UOC Data Science Master TFM (Final Master Project)

First semester course 2022/2023

Aim of the project

Classify the undesirable events that occur in offshore oil wells reported in the 3W dataset (Petrobras) using the techniques and algorithms of machine Learning.

Steps

Exploratory Data Analysis

See EDA

Preprocessing

The dataset is composed of 8 folders, one for every situation of the process (one normal and 8 abnormal). Every folder has multiple files containing a time series of meter readings and a class label.

A data manager Python class (d3w) has been written to facilitate access to the files and split into training, validation and test datasets.

Two main assumptions has been made prior to fitting model to the data:

  • Minute averages instead of instantaneous (per second) data are used. It seems that the dynamics of the process are not so fast.
  • The situations can only be assessed looking at a time window of around 30 minutes (2D time x feature).

A Data Generator class (CustomDataGen) has been developed for every type of model.

Modeling

Keras models

A Python class has been developed to fit, evaluate and score different neural networks. The most promising are CNN's (Conv1D layers) and RNN's (LSTM layers). See keras_model_complex.

Sklearn models

Some models that accept incremental learning has been tried not very succesfully. See multiclass_model.
A better solution has been first preprocess the dataset through a ipca model (incremental PCA) and compress the data into a much smaller datasets that fits in memory and allow the use of a greater variety of models. See ipca_model for a Random Forest.

River models

River is a library to build online machine learning models.

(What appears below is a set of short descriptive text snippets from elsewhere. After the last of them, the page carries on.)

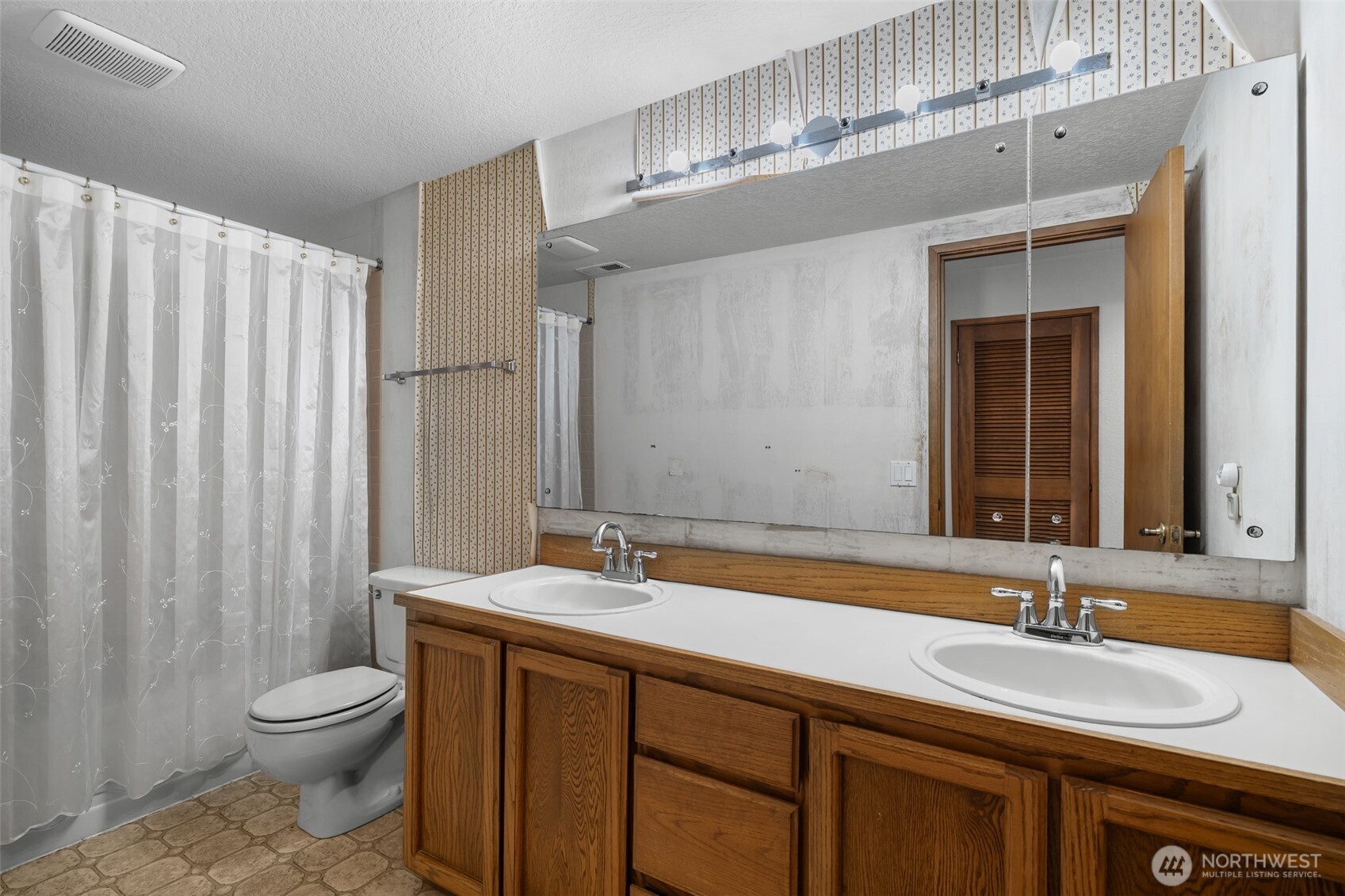 property viewer photo 28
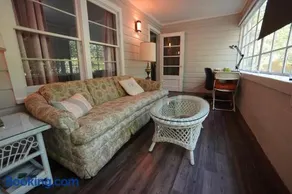 Pine Haven Getaway -Crib, Pets Welcome, Perfect for Families & Groups - Image 2
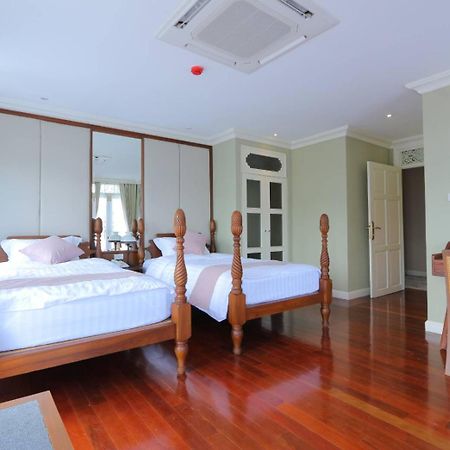 Hiranyakul House Hotel Bangkok Exterior photo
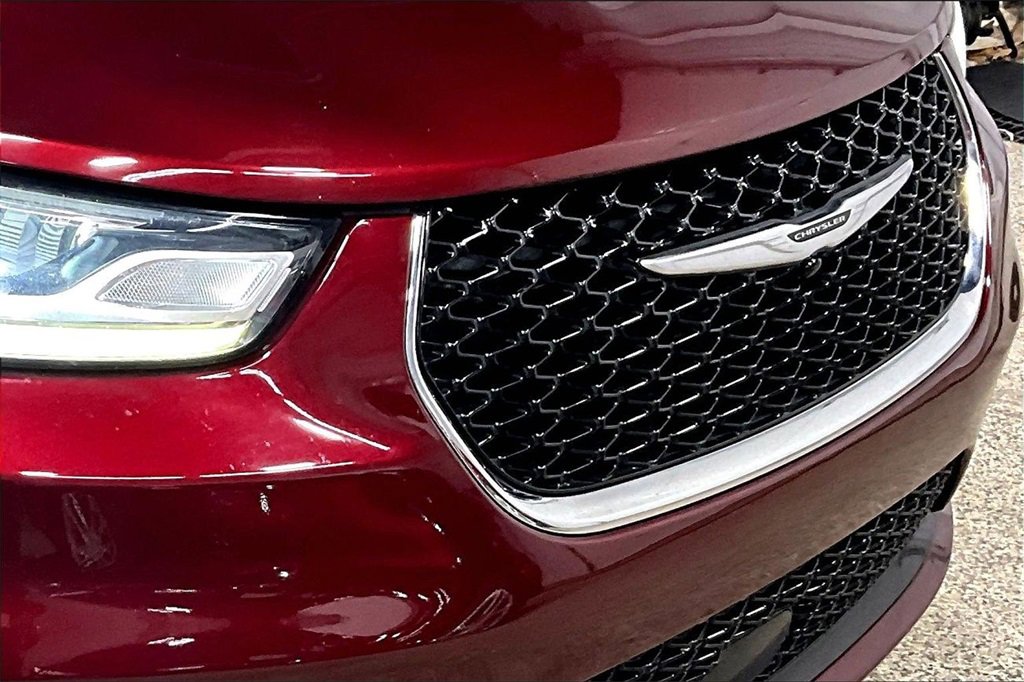 Used 2021 Chrysler Pacifica Touring image 31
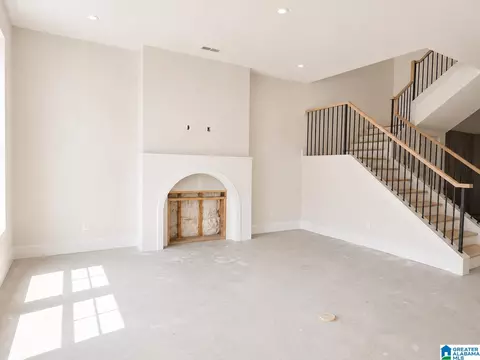 750 Riverwalk Dr, Hoover, AL 35244
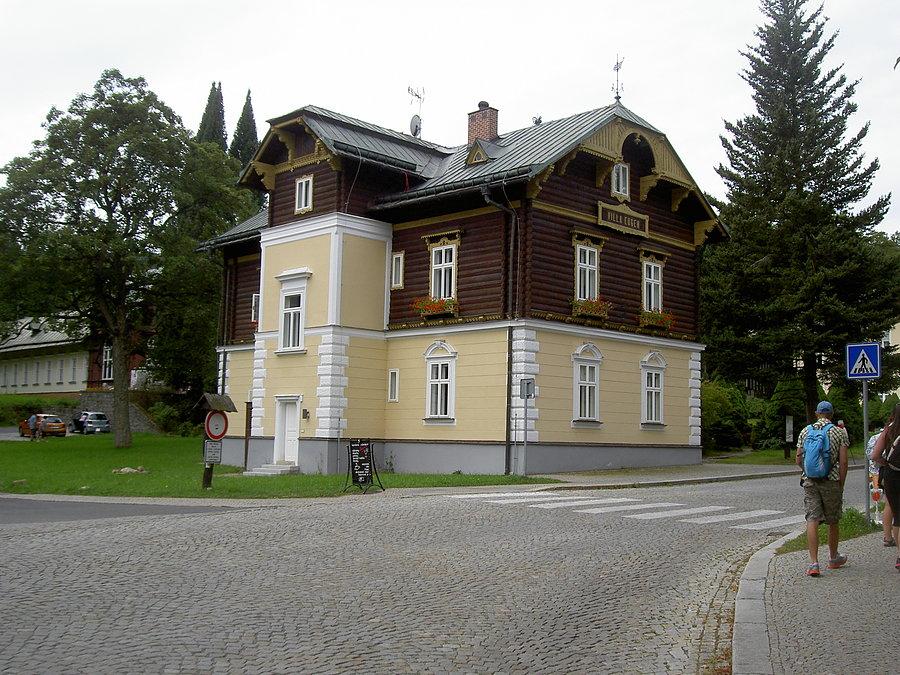 Budynki w Karlovej Studance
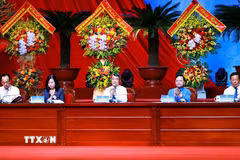 Thủ tướng Chính phủ Lê Minh Hưng tham dự phiên trao đổi, thảo luận với các đại biểu dự Đại hội Công đoàn Việt Nam. (Ảnh: Dương Giang/TTXVN)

Preprocessing is carried out using River routines:

  • Trying to emulate a SCADA that send to the model one row every second. Data is preprocessed (scaled), incremental rolling time window statistics are calculated and fed to an incremental learning model. What's not very realistic is using an abnormal class label for each row as this classification has been assessed by an expert in batch. The score of the test dataset is poor and the fitting process is very slow.
  • Using minute averages computed with pandas is much faster but less realistic. A python class for rolling window values has been developed that is used along with river stats calculations.
  • Only real data sorted by date has been used. The only abnormal situation with enough real data is Flow Instability (class 4).

An Hoeffding Tree Classifier has been used. Is a multiclass classifier.

A drift detector has been introduced in the stream learning process trying to detect concept drift in the flow of data that advices to reinitialize the model been trained. See river_window_model (html).

Docs

The final TFM report in PDF format (Spanish).

The final TFM slide presentation in PDF format (Spanish).

*** The tfm folder contains the ypnb files for training various models with the dataset.